═════ PROVIDED INFORMATION ═════

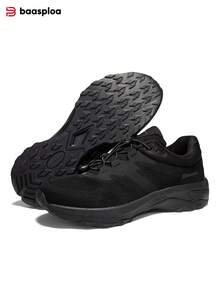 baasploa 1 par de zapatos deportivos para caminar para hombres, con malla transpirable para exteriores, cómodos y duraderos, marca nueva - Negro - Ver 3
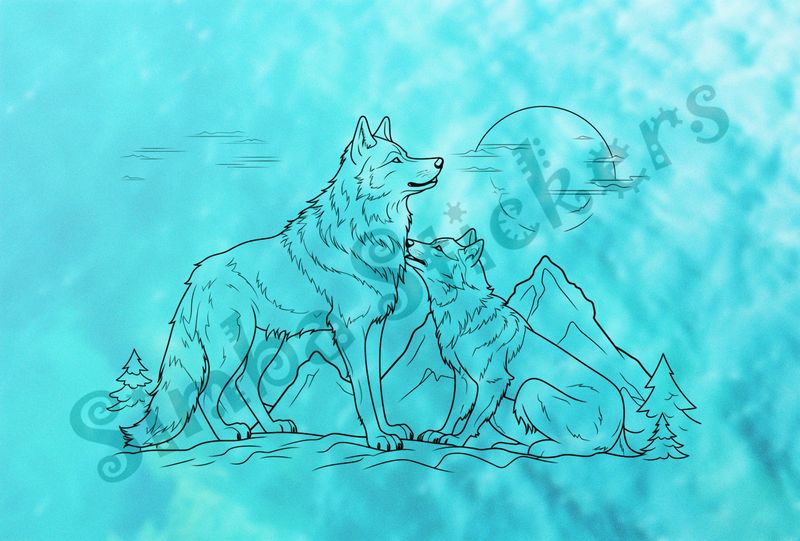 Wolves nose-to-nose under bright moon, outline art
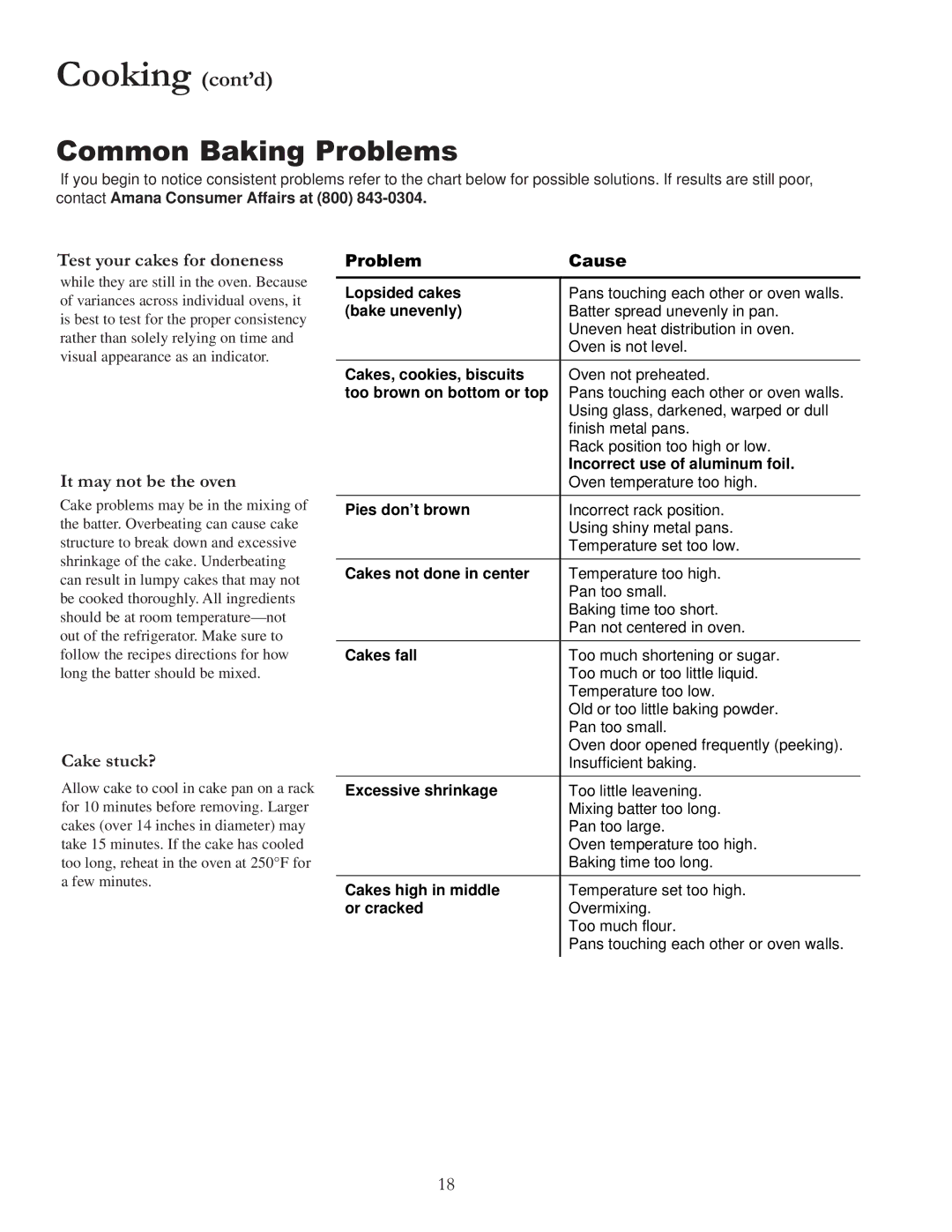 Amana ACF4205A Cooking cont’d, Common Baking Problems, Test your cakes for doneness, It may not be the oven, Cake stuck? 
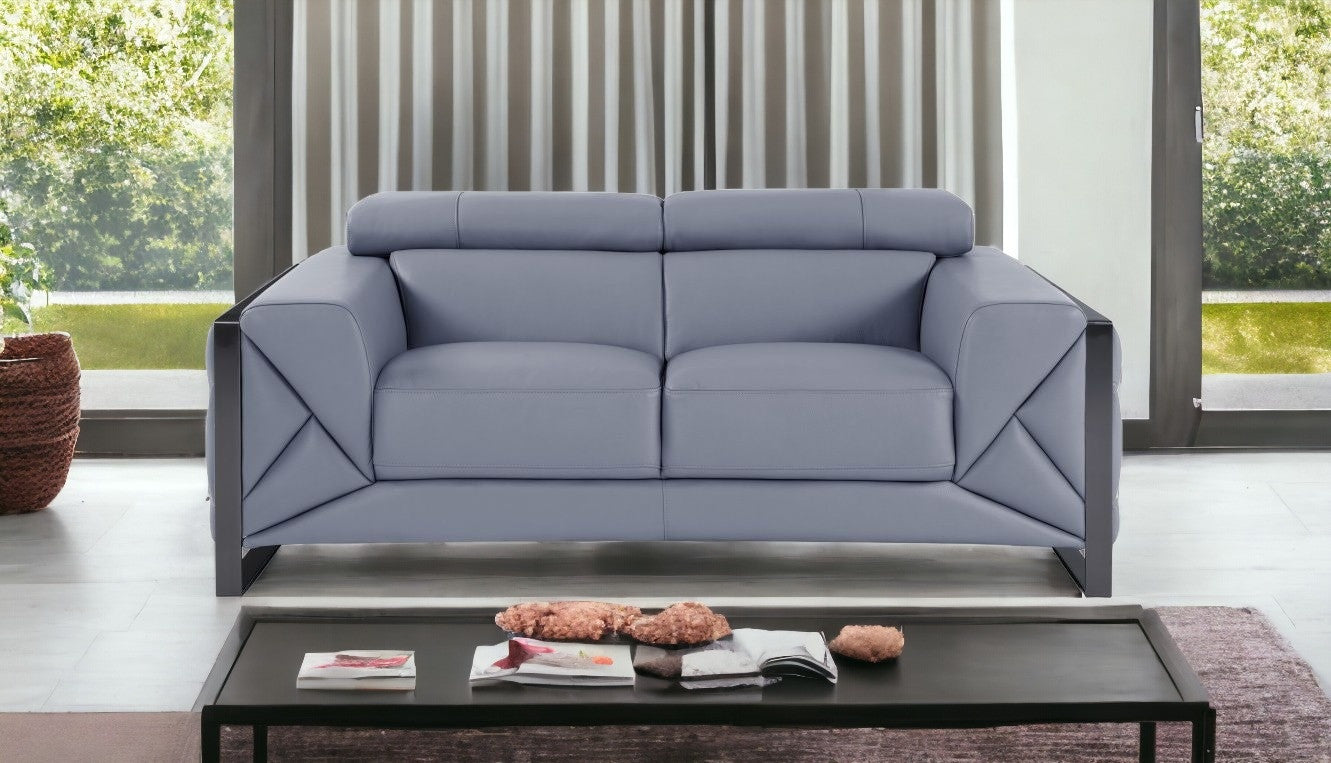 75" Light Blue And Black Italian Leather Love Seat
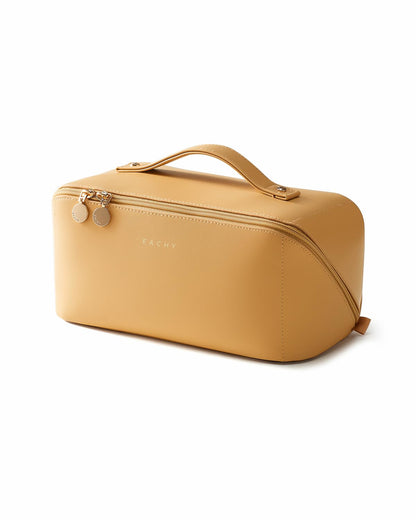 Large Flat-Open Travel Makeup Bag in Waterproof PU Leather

═════
═════ PROVIDED INFORMATION ═════

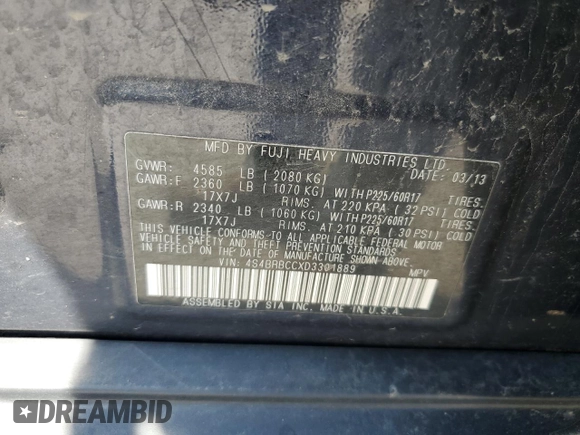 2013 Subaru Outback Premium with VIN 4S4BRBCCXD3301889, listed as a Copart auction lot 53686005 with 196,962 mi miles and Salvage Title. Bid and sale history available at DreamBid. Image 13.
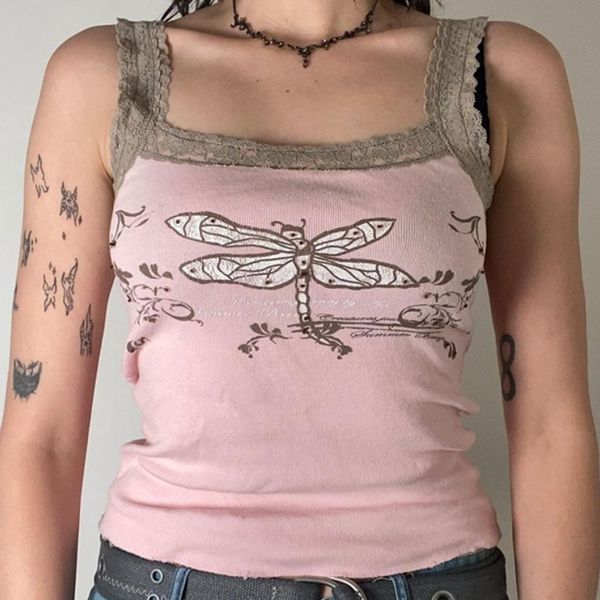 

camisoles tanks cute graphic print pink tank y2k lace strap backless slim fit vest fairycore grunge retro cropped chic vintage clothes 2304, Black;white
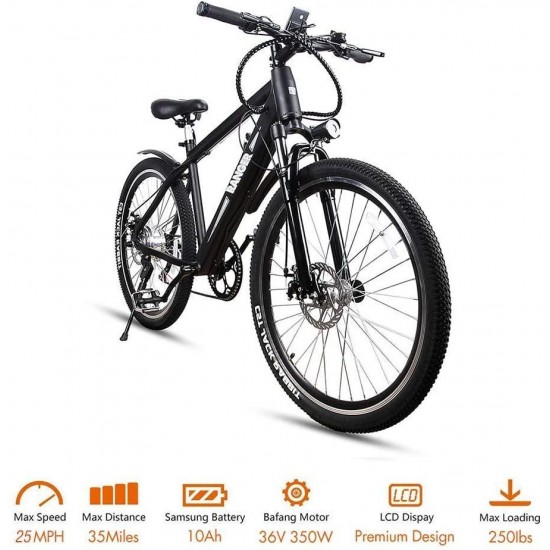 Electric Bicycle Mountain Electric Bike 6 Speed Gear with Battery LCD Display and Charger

═════

### [WORK TO COMPLETE]
With the pictures left out, write out exactly the lines above from the one containing "baasploa 1 par" through the one containing "Large Flat-Open Travel".

### [TASK RESULT]
 baasploa 1 par de zapatos deportivos para caminar para hombres, con malla transpirable para exteriores, cómodos y duraderos, marca nueva - Negro - Ver 3
 Wolves nose-to-nose under bright moon, outline art
 Amana ACF4205A Cooking cont’d, Common Baking Problems, Test your cakes for doneness, It may not be the oven, Cake stuck? 
 75" Light Blue And Black Italian Leather Love Seat
 Large Flat-Open Travel Makeup Bag in Waterproof PU Leather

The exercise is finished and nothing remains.